[Caption-style text data]
====================
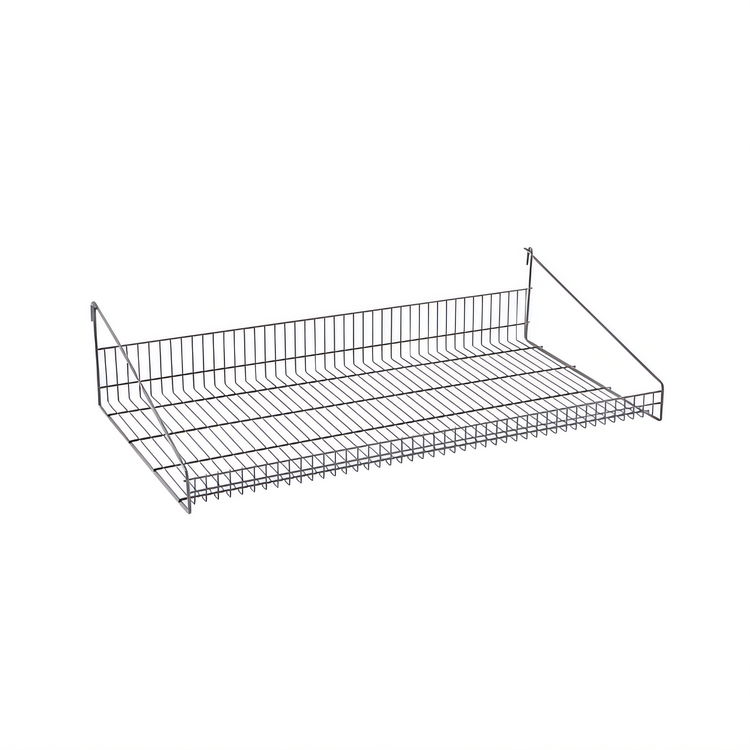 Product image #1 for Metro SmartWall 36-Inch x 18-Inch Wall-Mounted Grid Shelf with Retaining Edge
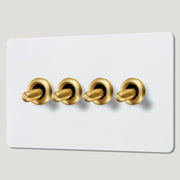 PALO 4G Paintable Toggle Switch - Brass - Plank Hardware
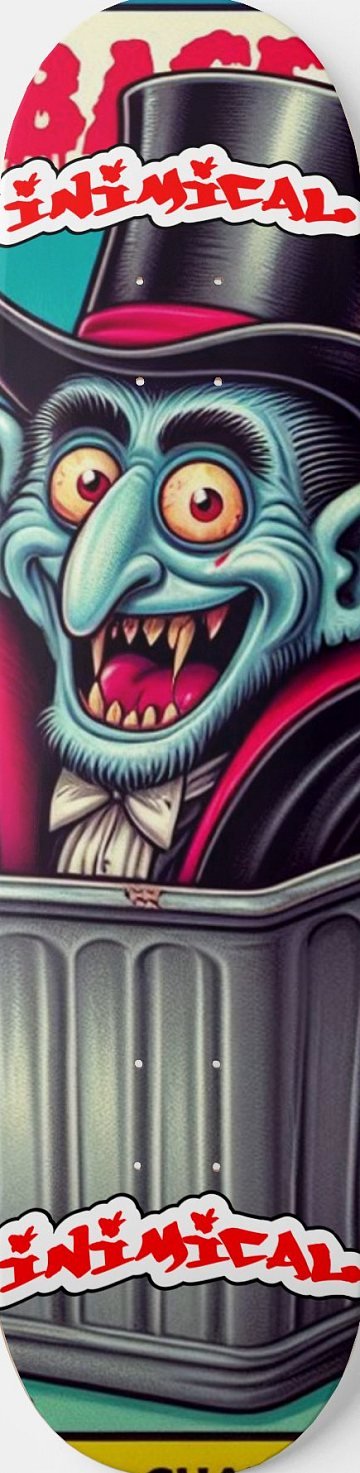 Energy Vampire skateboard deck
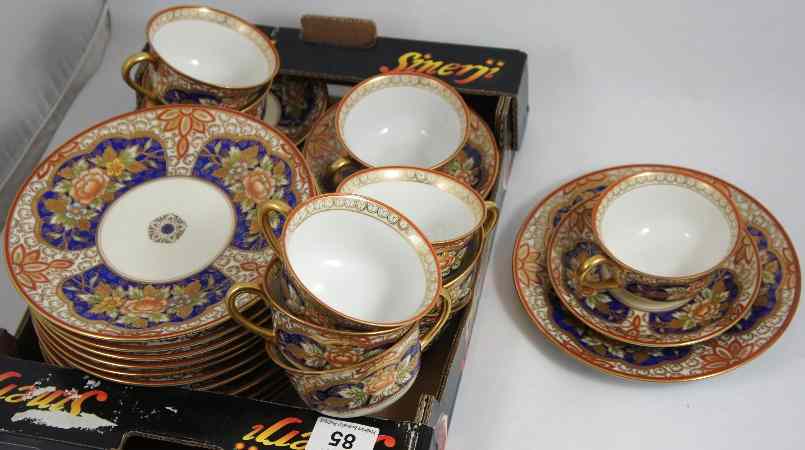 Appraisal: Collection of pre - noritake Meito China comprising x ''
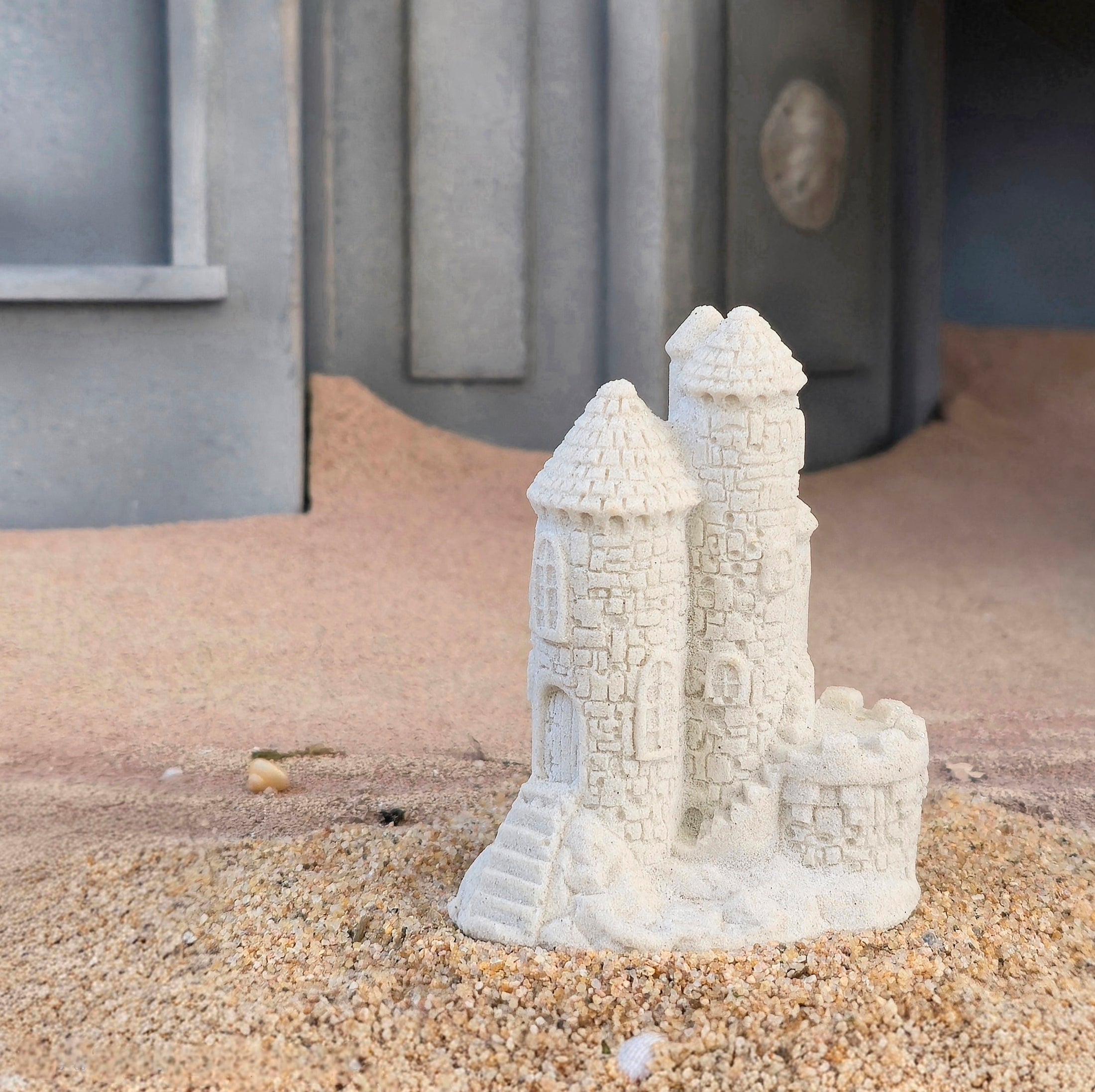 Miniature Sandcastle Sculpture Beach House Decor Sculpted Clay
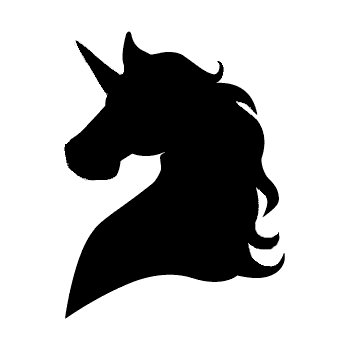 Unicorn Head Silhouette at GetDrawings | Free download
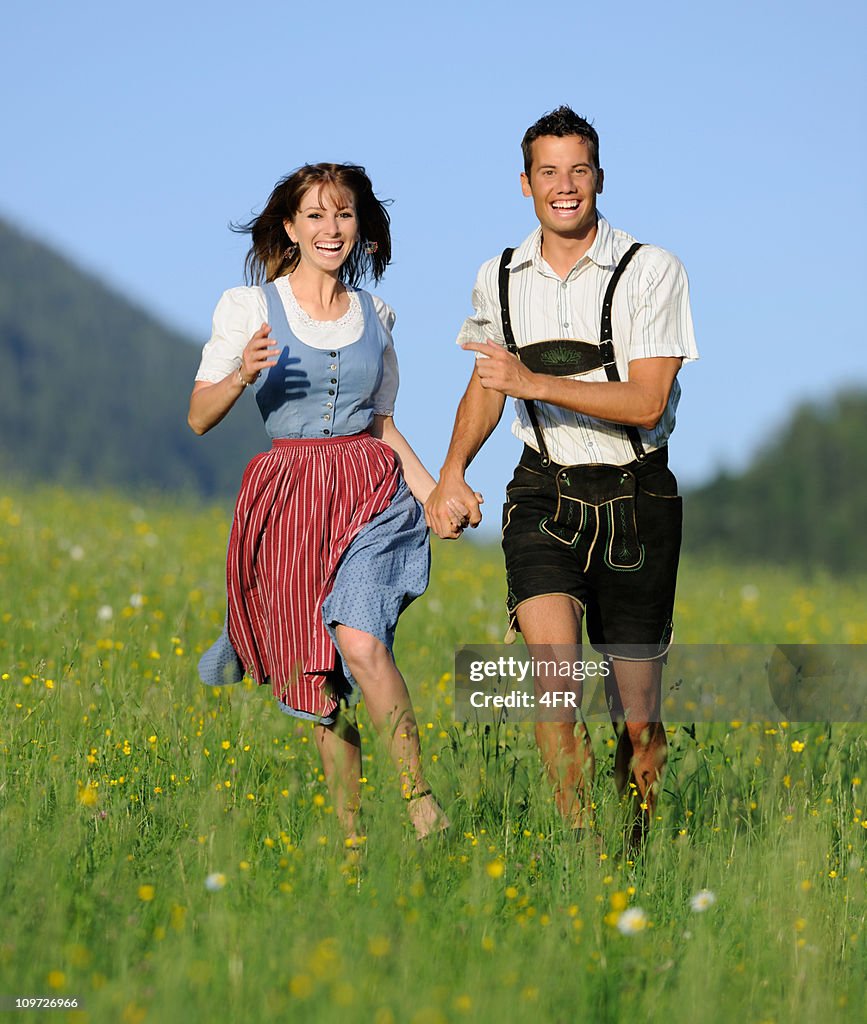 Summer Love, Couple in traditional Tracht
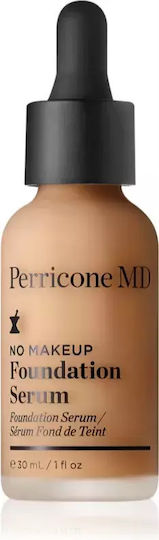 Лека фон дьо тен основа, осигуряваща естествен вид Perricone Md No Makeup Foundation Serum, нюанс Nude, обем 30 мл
====================
What is needed
Output exactly the lines from the one containing "Appraisal: Collection of" through the last line of the records above, both included, and leave out the pictures.

Answer to this problem
 Appraisal: Collection of pre - noritake Meito China comprising x ''
 Miniature Sandcastle Sculpture Beach House Decor Sculpted Clay
 Unicorn Head Silhouette at GetDrawings | Free download
 Summer Love, Couple in traditional Tracht
 Лека фон дьо тен основа, осигуряваща естествен вид Perricone Md No Makeup Foundation Serum, нюанс Nude, обем 30 мл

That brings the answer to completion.